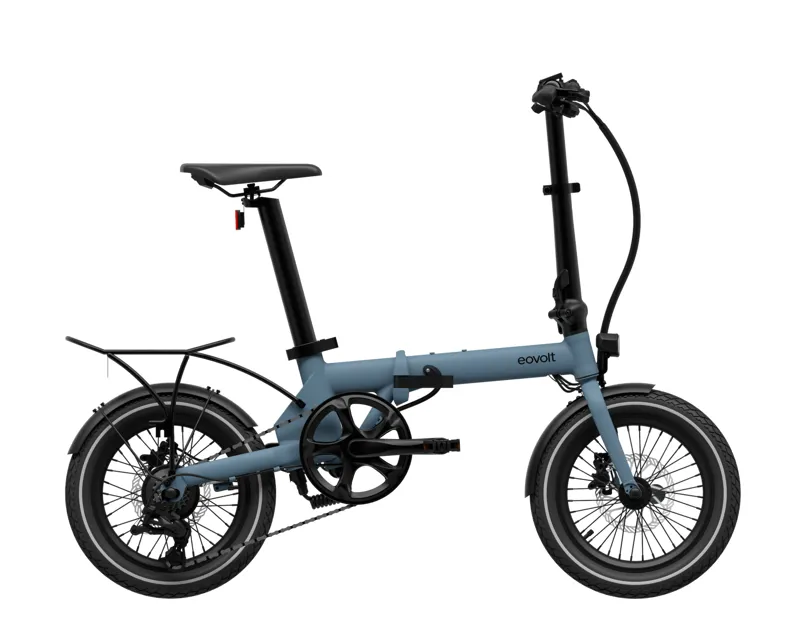 Eovolt Morning 16in Folding Electric Bike 2025 Ocean Blue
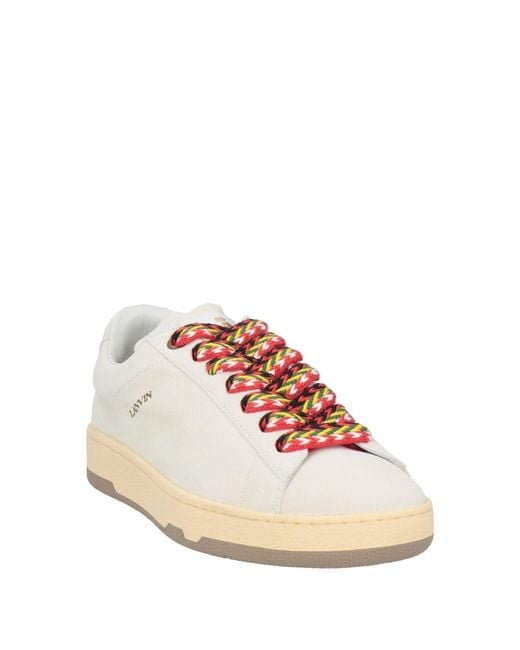 Lanvin Pink Trainers for men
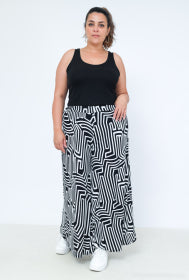 FRIDA PANT BLACK N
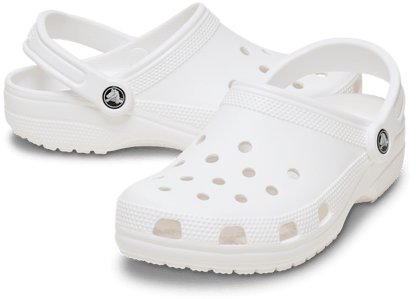 Classic Clog - White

> [INSTRUCTIONS FOR THE TASK] Would you please output the listing above exactly, leaving out the pictures?

> [OUTPUT OF THE TASK]
 Eovolt Morning 16in Folding Electric Bike 2025 Ocean Blue
 Lanvin Pink Trainers for men
 FRIDA PANT BLACK N
 Classic Clog - White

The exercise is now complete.